Thereafter, tungsten deposition is performed in the first or second deposition chambers 203 and 204 via the transfer chamber 206 so that vacuum breakage does not occur.

The present embodiment has been described as an example in which tungsten is applied as a wiring metal, and the metal may be Al, Au, Cu, At, or the like. In addition, the present invention can be applied even when using a material other than Ti / TiN as a barrier metal.

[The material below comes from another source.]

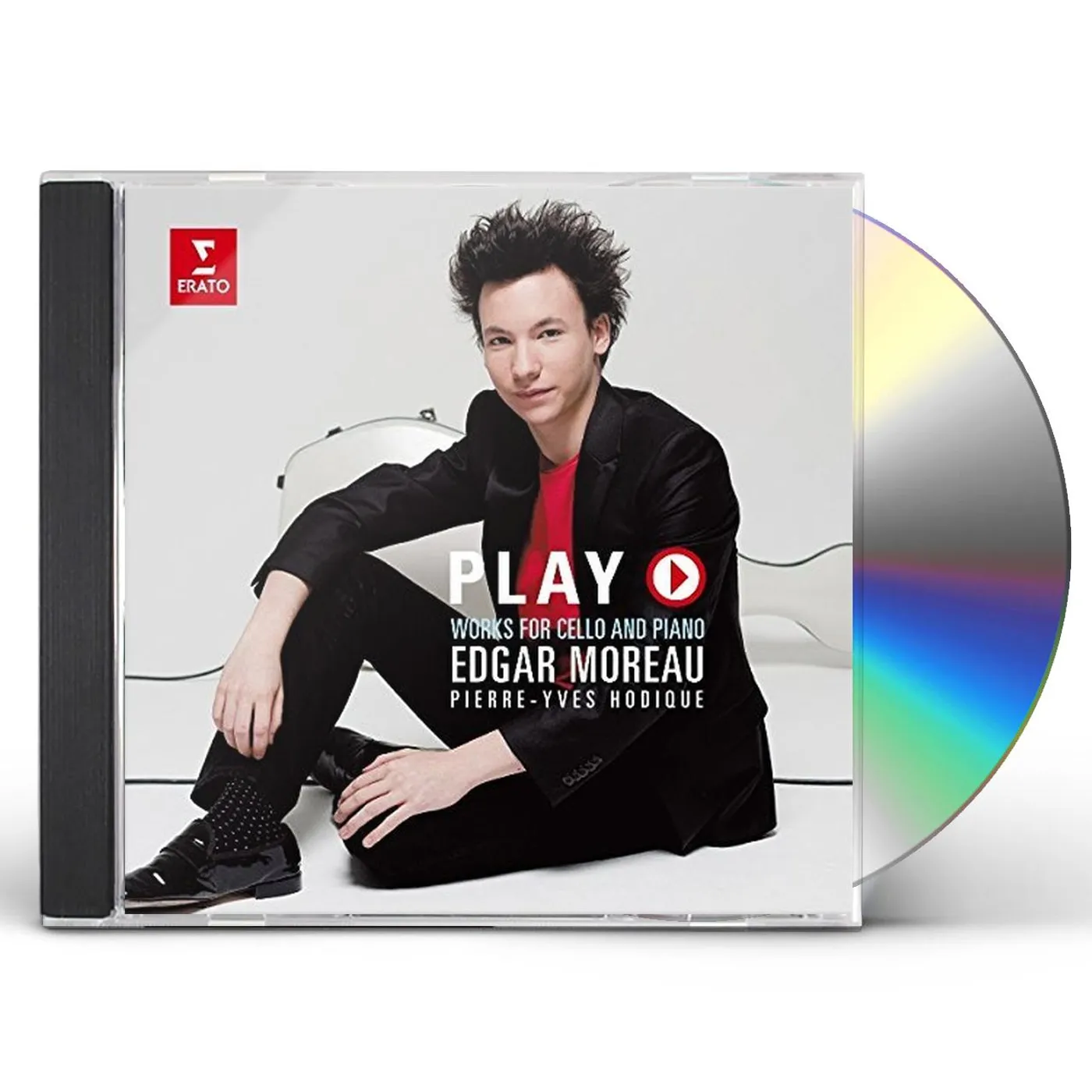 Edgar Moreau PLAY -WORKS FOR CELLO & PIANO CD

As such, although the technical idea of the present invention has been described in detail according to the above-described preferred embodiment, it should be noted that the above-described embodiment is for the purpose of description and not of limitation. In addition, those skilled in the art will understand that various embodiments are possible within the scope of the technical idea of the present invention.

By removing oxide on the surface of barrier metal in the semiconductor device manufacturing process without additional cost, RC delay time can be reduced in device characteristics by lowering contact resistance without additional cost. Can increase the reliability.

Claims (8)

In the metal wiring forming method of a semiconductor device, A first step of depositing and heat-treating the barrier metal on the semiconductor layer; Etching the barrier metal surface by plasma treatment of an inert gas; And A third step of depositing a metal film on the barrier metal without performing vacuum destruction after performing the second step Metal wiring forming method comprising a. The method of claim 1, The barrier metal is Ti / TiN metal forming method characterized in that. The method of claim 2, And depositing the TiN by an organometallic chemical vapor deposition method and then performing plasma treatment in a hydrogen and nitrogen atmosphere without vacuum destruction. The method of claim 1, The heat treatment is carried out after the vacuum deposition after the barrier metal deposition to form an oxide on the surface of the metal wiring forming method, characterized in that the oxide is removed in the second step. The method of claim 1, And in the second step, applying RF or DC power to the wafer chuck in the chamber. The method of claim 4, wherein And applying RF to the wall of the chamber. The method of claim 1, Wherein the inert gas is argon or nitrogen characterized in that the metal wiring formation method. The method of claim 1, The second step is a metal wiring forming method, characterized in that carried out with the pressure in the chamber up to 10 ^-3 Torr.